In a column entitled "Mother Nature's Dow", NY Times columnist Thomas Friedman describes five initiatives to help shift away from fossil fuels. According to Friedman, "The fourth is decoupling — the program begun in California that turns the utility business on its head. Under decoupling, power utilities make money by helping homeowners save energy rather than by encouraging them to consume it."

By chance, a relevant clipping I had torn from a December, '08, San Francisco Chronicle article emerged from the paper chaos on my desk. It describes how such a program works for the consumer: "PG&E offers rebates if customers can cut the amount of natural gas they use in January and February, compared with the same months a year earlier. For every percent cut in gas usage, customers receive an equal percent credit on their bill. Those who save 10 percent or more get a 20 percent credit."

Thursday, March 26, 2009

Green Roofs, Green Walls

Green roofs are becoming more and more common.
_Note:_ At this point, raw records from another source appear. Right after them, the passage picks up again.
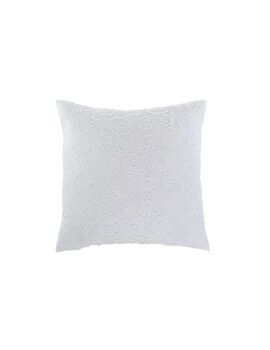 Almofada Home ESPRIT Branco 45 x 45 x 45 cm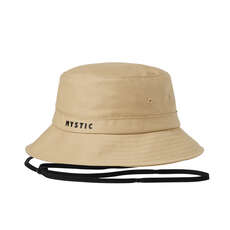 Mystic Quick Dry Bucket Hat - Warm Sand 240221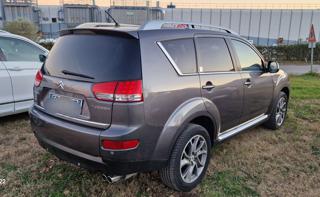 CITROEN C-Crosser usata, con Airbag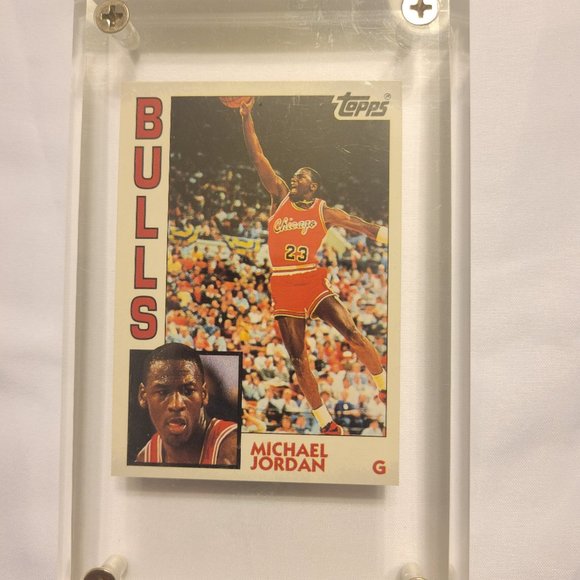 Topps Other - 1993 Topps Michael Jordan #52 Chicago Bulls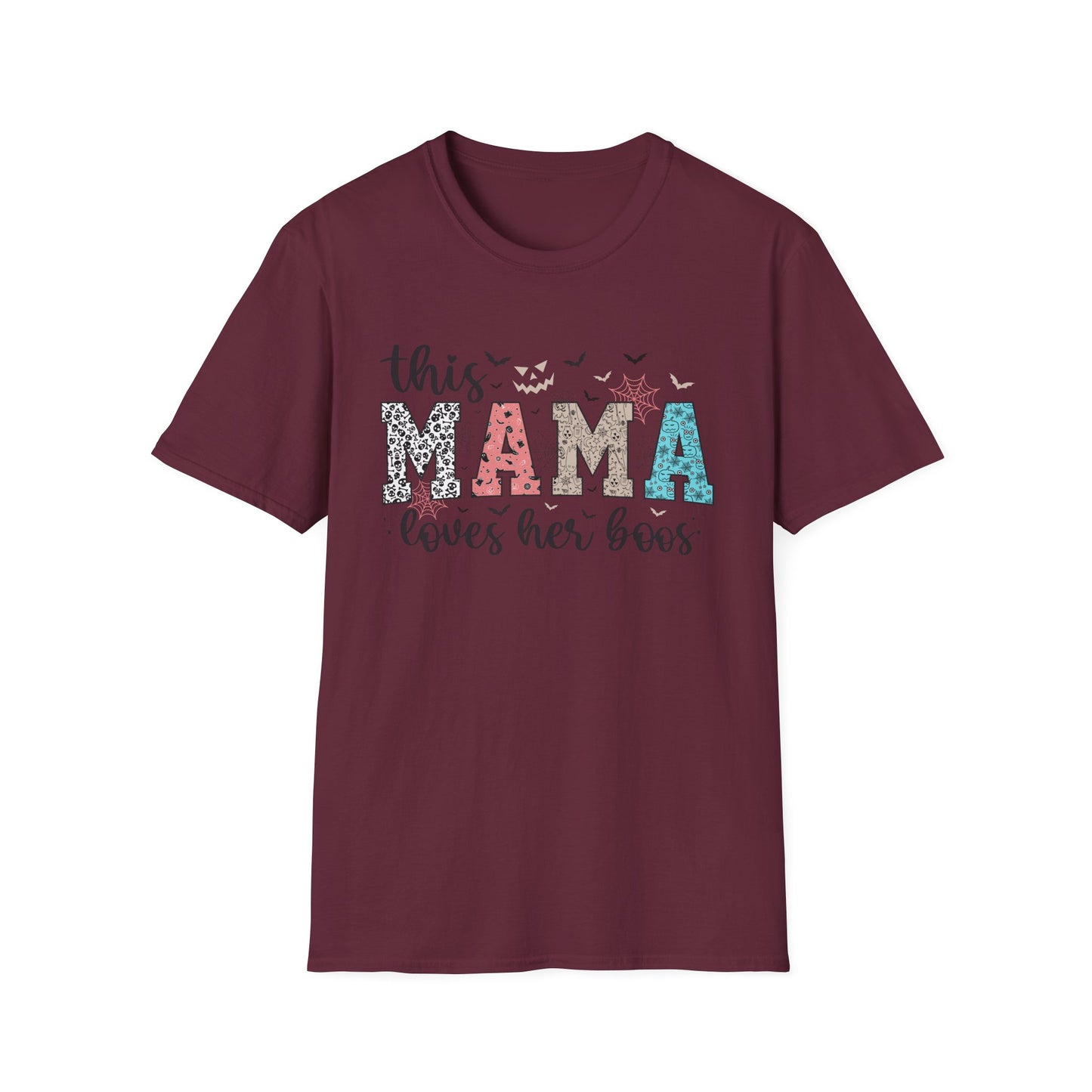 Mama Loves Her Boos T-Shirt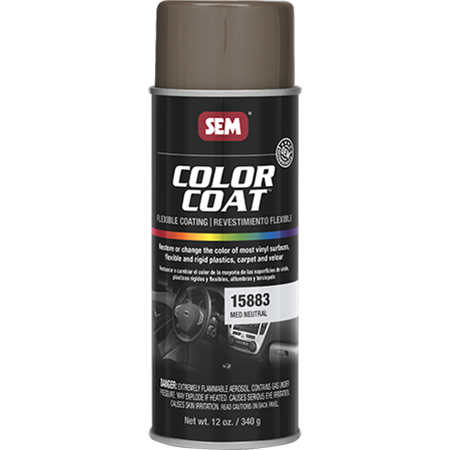 SEM 15883 Color Coat Interior Coating 16 oz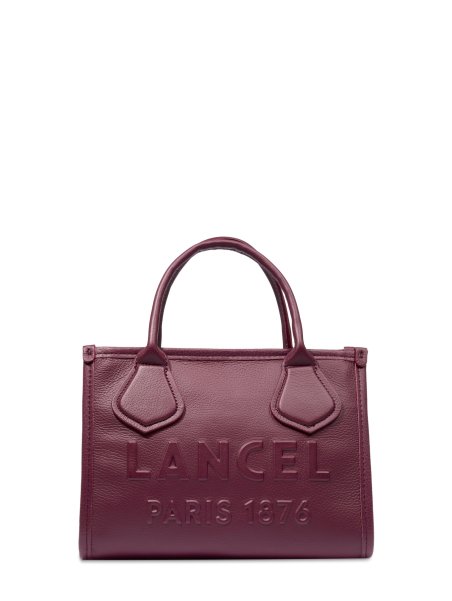cabas zippé s jour de lancel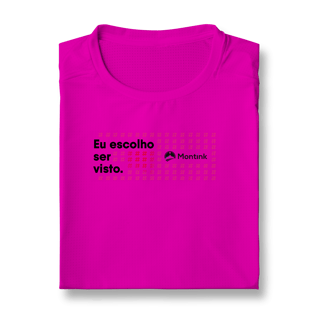 Nome do produto Camiseta Sport Dry UV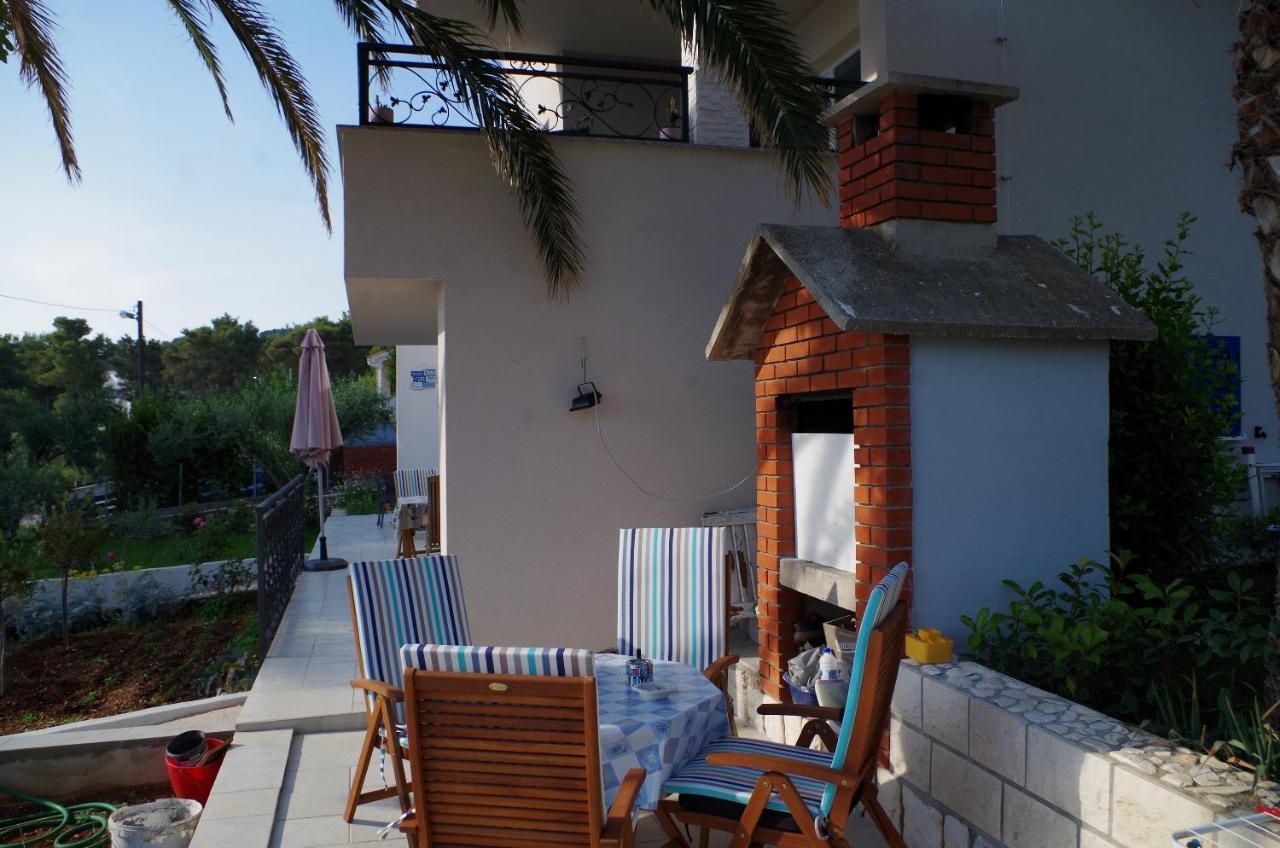 Apartments By The Sea Slatine, Ciovo - 14158 Dış mekan fotoğraf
To see a spectacular green wall, take a look at http://princetonnaturenotes.blogspot.com/2009/03/walls-go-green-in-madrid.html.

Friday, March 20, 2009

Sustainability in Spain

One of the quandaries for parents, now that it´s clear that the use of fossil fuels is deleterious to the planet, is how to give kids the same mind-opening benefits of travel that we had at that age. Some of my most vivid and joyful childhood memories are of exploring meadows and mountain streams in Austria when I was ten, and hiking in the Andes. Are they really going to be able to manufacture enough jet fuel from farming algae, as one airline magazine article described?

So, traveling in Spain with family, feeling an ambivalence that didn´t enter in ten years ago, the least I can do is take note of sustainable practices. Bicycles in Sevilla, for instance, where they´ve added quite a few bike lanes and made bikes available for borrow. The bikes fit into docks lined up along the sidewalk, and can be borrowed and returned with the help of a plastic card that´s fed into a machine. These have proved very popular. In the historic district, in the vicinity of the cathedral, they´ve made some streets pedestrian and bike only, and reintroduced a trolley. It can feel strange at first, encountering a wide city street, no cars, no racket. Some people miss the energy and the bustle of traffic, but that´s part of the challenge in a world where the romance of motion is so dependent on fossil fuels.

Compact fluorescent light bulbs are more common, as are duel flush toilets. Recycling in the city is achieved through the clustering of large bins of different shapes here and there on sidewalks. Apartment dwellers take recyclables down to the street and toss paper, bottles, cans and trash in their respective bins. The bins for bottles look like green metal igloos that have attracted the interest of sophisticated street artists.

A friend in Caseres even separates out her food waste, which here is called organics, and takes it down to a bin on the street. What happens to it next she doesn´t know, but it sounds like some sort of process is in place.

Though Spain has the lowest birthrate in Europe, it´s also on a building spree, with more building going on here than in England and France combined. Apartment buildings are rising pell mell on the outskirts of Caceres and other cities. Who´s buying them, one might ask. People buy them as investments, apparently, and young adults may be shifting away from the tradition of living with parents well into adulthood. A system of freeways (I remember seeing them being constructed on a previous visit ten years ago) now makes intercity driving in Spain as convenient and boring as in the U.S. 

The trains here are a beautiful thing to behold. The Ave train ("wing" in spanish) we took traveled at 230 kilometers per hour. It´s as quiet and smooth as a plane, and faster when one takes into account all the airport rigamarole that´s avoided. One nice touch: the escalators at the train station turn off automatically when not in use.